Healthcare: Access to primary healthcare and distribution of basic health services remain a challenge in villages due to lack of infrastructure, expertise and intent. With increasing investments in digital infrastructure, medical services and specialist consultations are becoming achievable. At the same time, healthcare providers, with their robust cost-efficient platforms, are not only providing care but are also gathering valuable health-related data.

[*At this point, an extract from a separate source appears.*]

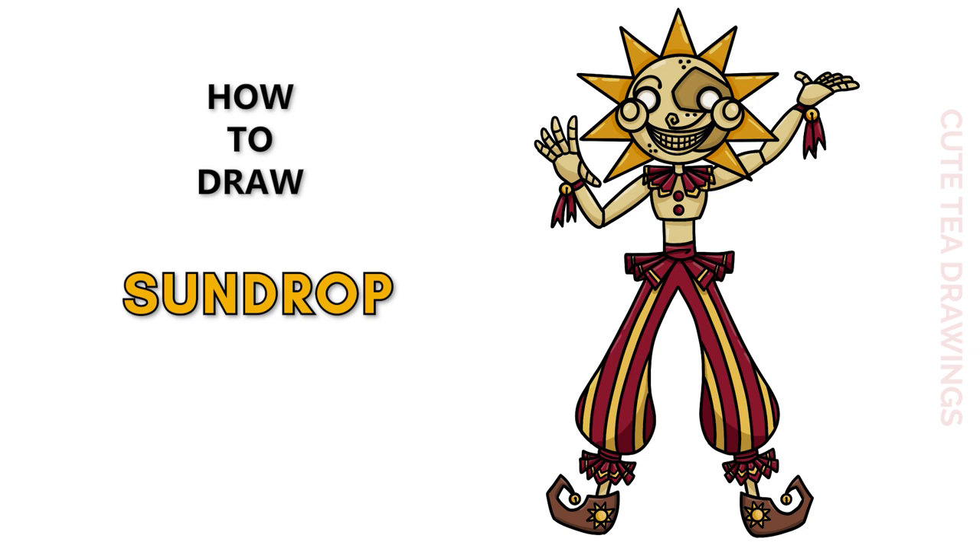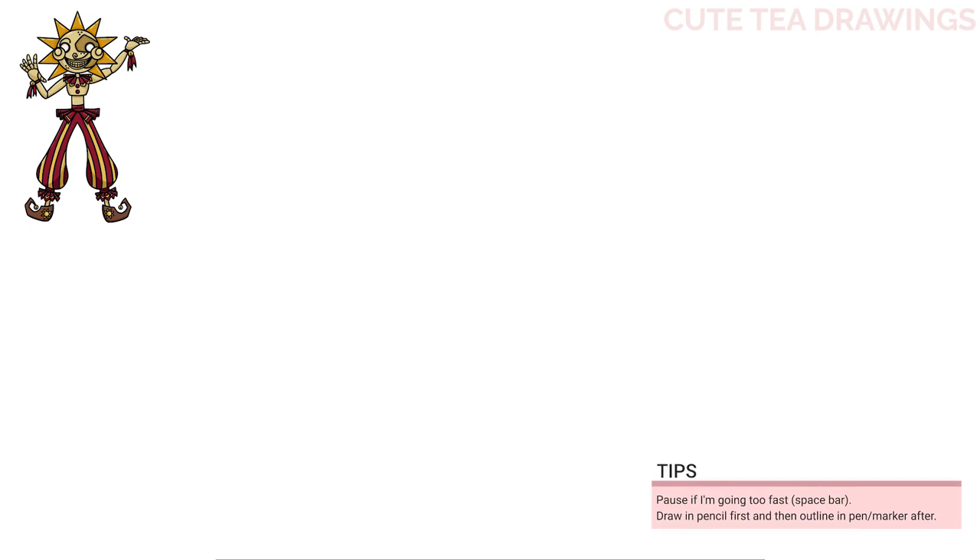Hey guys, welcome to Cutesy Drawings! Today I'll be drawing Sundrop from Five Nights at Freddy's. I'll be drawing on my tablet, but you can also follow along on paper. Please remember to like and subscribe. With this drawing I'll be erasing some lines, so I'd recommend drawing in pencil first. Let's start off by drawing the shape of the head with a circle.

- iKure follows an innovative impact model that is centered around providing sustainable livelihood to healthcare workers on one hand and employing technology on the other by remotely connecting doctors with patients. Many other enterprises are also employing technology to override the absence of trained healthcare professionals in the villages
- Sigtuple’s artificial intelligence based platforms analyse dense data sets to enable remote diagnosis of blood smears, chest x-rays, urine microscopy, semen, fundus &OCT scans in areas where specialists are not available
Water: Lack of clean drinking water fuels repeated cycles of disease and morbidities in rural settings. Portable & easy-to-use options are much required.
- Think Phi’s product ‘Ulta Chattha’ collects rainwater and filters it to make it drinkable. At the same time it harnesses 15KW of solar energy per unit. Although, the installations are thus far confined to the urban areas, it will find immense use in the villages
- Driptech India Pvt. Ltd.: Provides gravity drip irrigation technology to marginalised farmers in a cost-efficient manner
Skills & Education: Poor infrastructure with uninterested, un-incentivised and overworked teachers has led to a breakdown in this sector, especially in resource-poor settings. Lack of educated or inadequately skilled manpower is adding to the under-employed or unemployed pool of youth. Digital classrooms to bridge this gap and bringing employment opportunities to the villages are the need of the hour. Startups like Meghshala are working on empowering village teachers whereas enterprises like Hella are delivering automobile training to village youth and enabling them to startup on their own.
Harnessing local resources & expertise: The hinterlands have much to offer in terms of natural beauty, local traditions and crafts, and may also offer insights into harmonious co-existence with nature. Many startups are addressing this through innovative models in rural tourism, organic farming, etc.
While these startups are early movers in sensing the needs of the rural markets, there is still room and a huge need for many other startups.When positioned correctly, they can be perfect conduits of socio-economic change as they harness the innate essence of the villages, enable access to amenities and at the same time enable their participation on a global scale.